*Task prompt:*
Pictures are to be left out; every line from the one with "Boho Floral Print" through the end of the data must be transcribed exactly.

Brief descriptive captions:
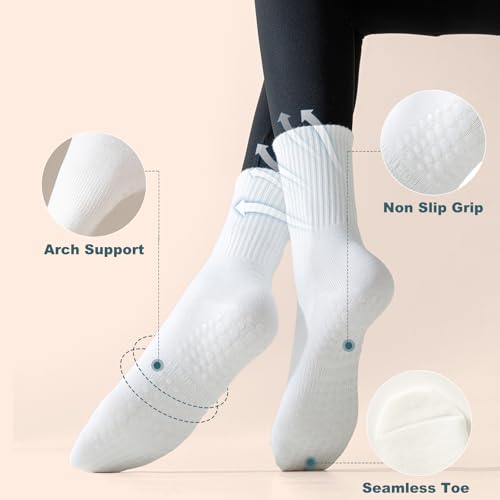 Image of BISOUSOX Pilates Socks with Grips for Women, Anti Slip Grippy Yoga Barre Socks, Full Sole Sticky Reformer Workout Sock
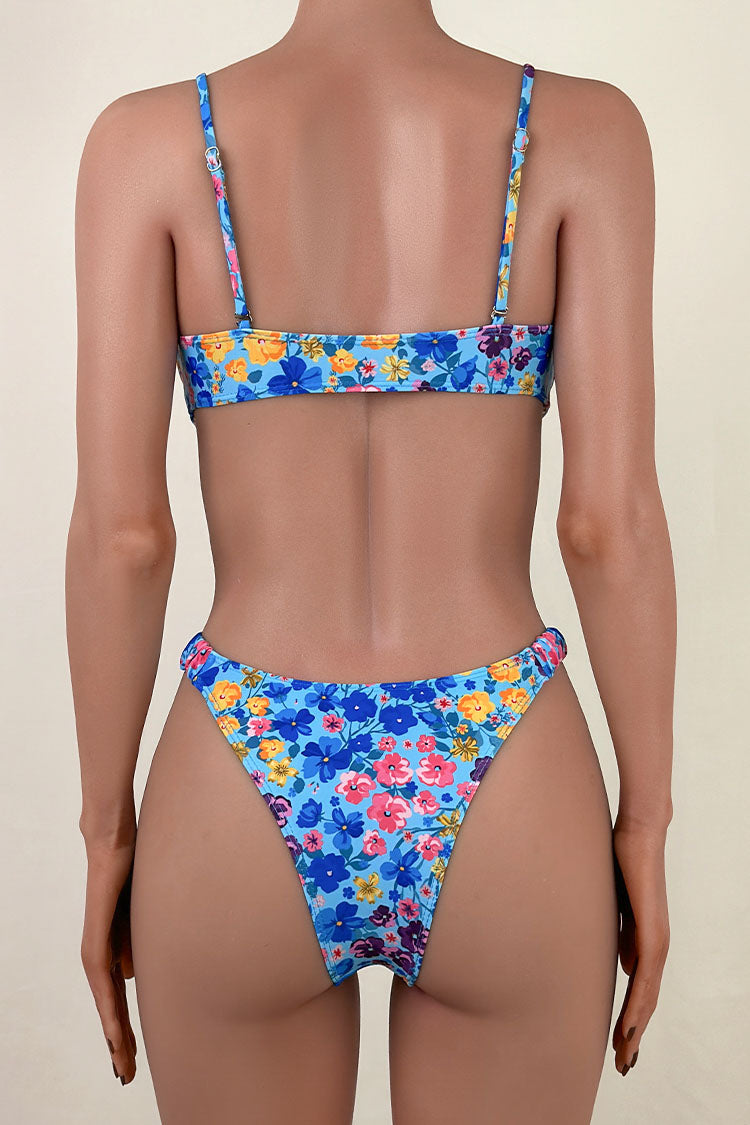 Boho Floral Print Scrunch High Cut Scalloped Notch Bandeau Bikini Set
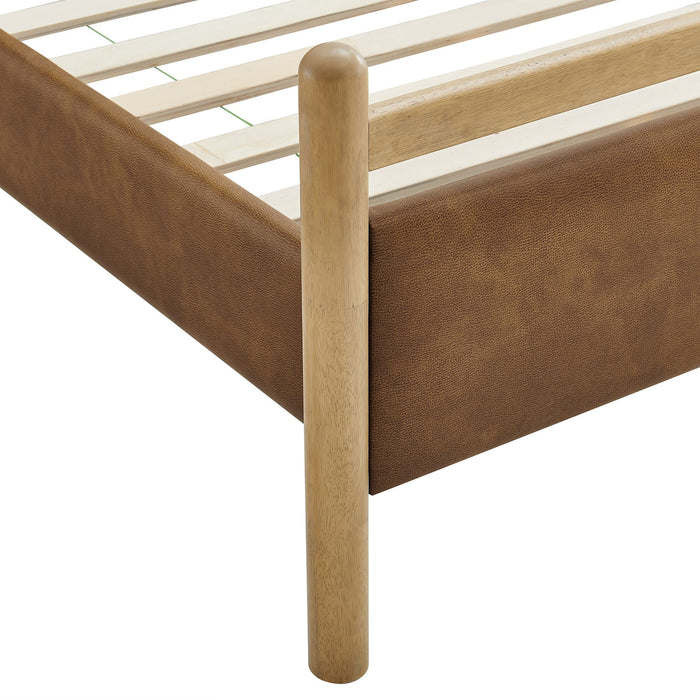 Ginny Vegan Leather Platform Bed Frame Light Oak Canyon / Queen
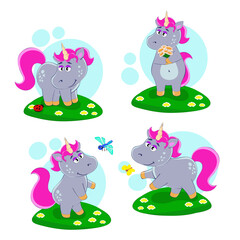 Set of cartoon unicorns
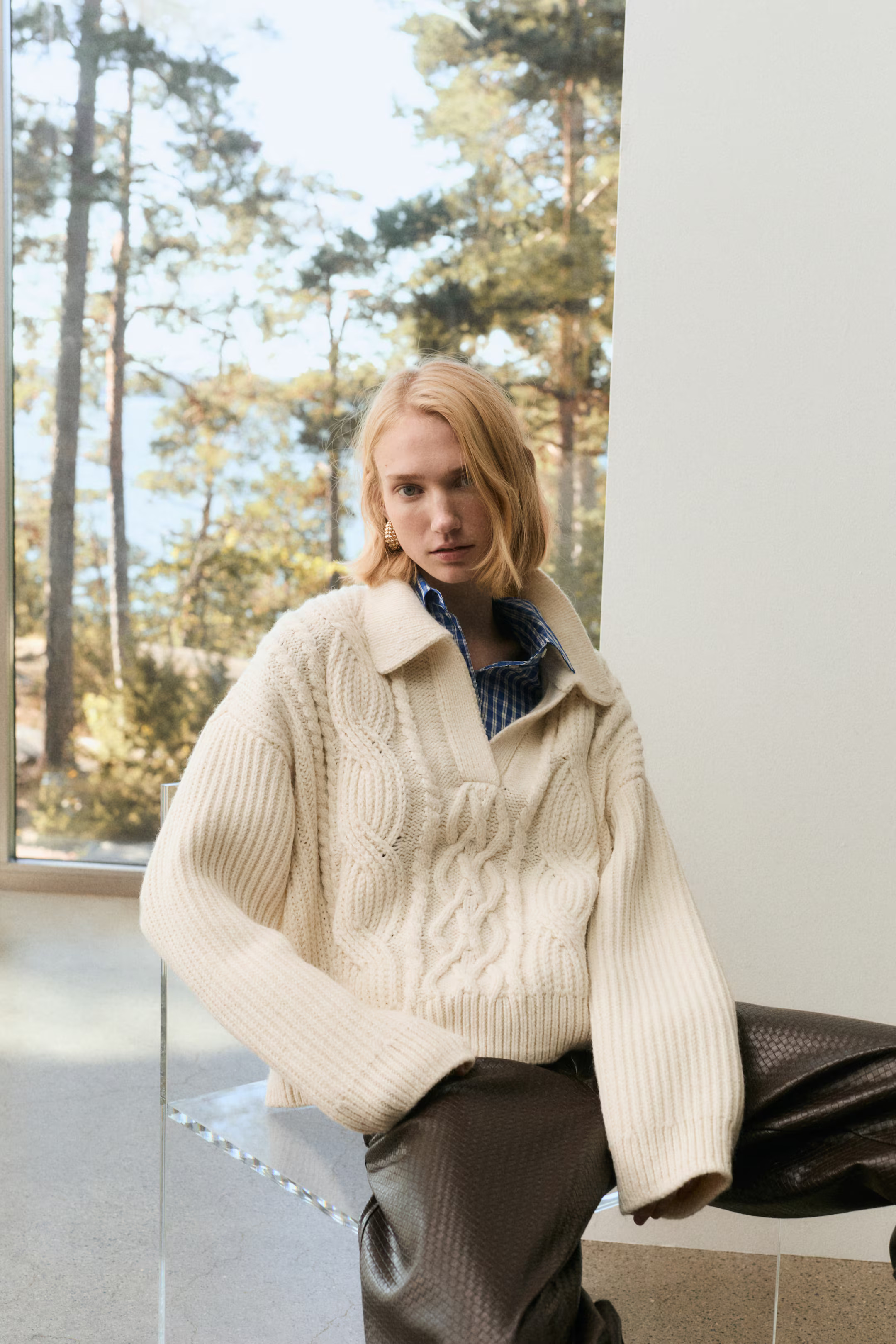 Cable-knit collared jumper | H&M (UK, MY, IN, SG, PH, TW, HK)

*Output below:*
 Boho Floral Print Scrunch High Cut Scalloped Notch Bandeau Bikini Set
 Ginny Vegan Leather Platform Bed Frame Light Oak Canyon / Queen
 Set of cartoon unicorns
 Cable-knit collared jumper | H&M (UK, MY, IN, SG, PH, TW, HK)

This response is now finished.